Supreme Court wants DOJ POV on RS-DVR

The case questioning the legality of cable TV firm Cablevision Systems's planned Remote Storage-DVR service (RS-DVR) has made it to the U.S. Supreme Court. But it could be months before new action happens, as the Supremes yesterday kicked the case over to the U.S. Department of Justice to seek a brief on the federal government's view on the matter before the high court conducts its own review.

Several entertainment companies had sought to block Cablevision's efforts to deploy what is essentially a network-based DVR because, they argued, the service broke copyright laws. They appealed to the Supreme Court after a circuit court of appeals ruled last summer that the Cablevision service-on hold since the case began, but reportedly scheduled for a return this year-was lawful.

The case has huge implications, because many service providers would like to offer some variation on a RS-DVR or N-DVR capability.

"It's a business decision," Terry Denson, Verizon Communications vice president of content and programming, told FierceIPTV at CES 2009 last week. "Of course, we could do a network-based DVR service, but it doesn't make sense to think about it now if the rights and legal pathways are not clear."

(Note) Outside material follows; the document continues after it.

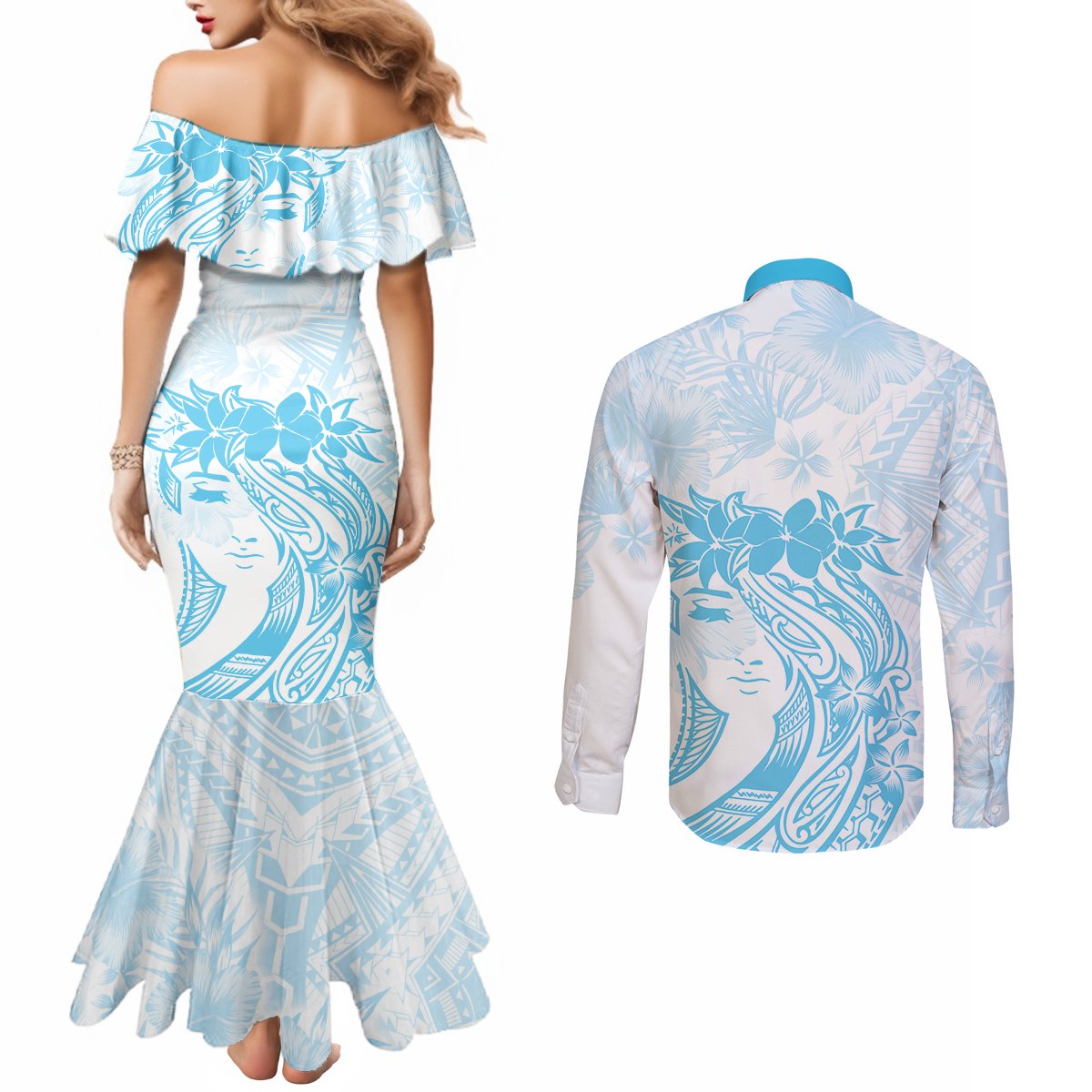 Polynesian Women's Day Couples Matching Mermaid Dress and Long Sleeve Button Shirt Plumeria Passion - Turquoise LT7 - Polynesian Pride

Denson said he believed that Cablevision drew the ire of the content industry because it did not sufficiently lobby the content industry for the so-called "expressed" grants to those rights.

Also at CES 2009, Microsoft announced a Mediaroom Anytime capability that behaves much like a N-DVR service. The company already has one customer in Asia for the capability, but it is believed U.S. carriers may not buy in until the Cablevision RS-DVR case concludes.